**PROVIDED INFORMATION**
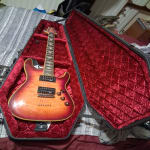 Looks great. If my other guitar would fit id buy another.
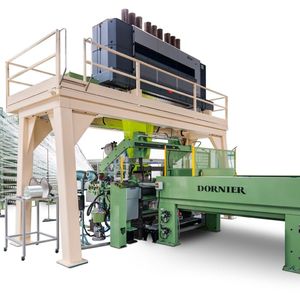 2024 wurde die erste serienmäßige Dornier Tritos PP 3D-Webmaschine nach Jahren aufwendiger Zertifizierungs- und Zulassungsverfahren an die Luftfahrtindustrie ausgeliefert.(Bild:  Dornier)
---
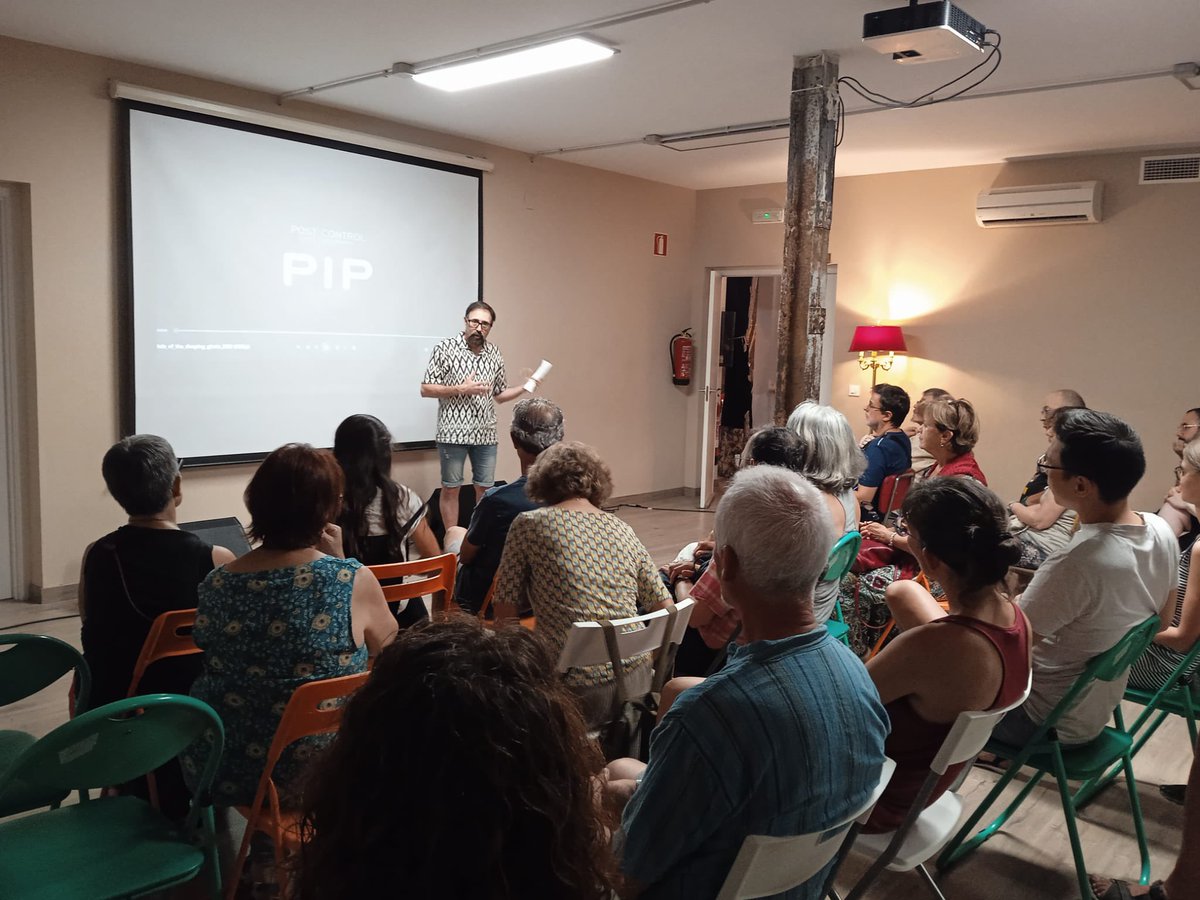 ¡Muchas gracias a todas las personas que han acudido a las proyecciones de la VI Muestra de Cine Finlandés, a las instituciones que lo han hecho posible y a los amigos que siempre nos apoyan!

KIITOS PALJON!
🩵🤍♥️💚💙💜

**YOUR INSTRUCTIONS**
What you return must match the lines above from the one with "Looks great. If" through the one with "2024 wurde die" exactly, with both ends included and the pictures excluded.

**WRITTEN RESPONSE**
 Looks great. If my other guitar would fit id buy another.
 2024 wurde die erste serienmäßige Dornier Tritos PP 3D-Webmaschine nach Jahren aufwendiger Zertifizierungs- und Zulassungsverfahren an die Luftfahrtindustrie ausgeliefert.(Bild:  Dornier)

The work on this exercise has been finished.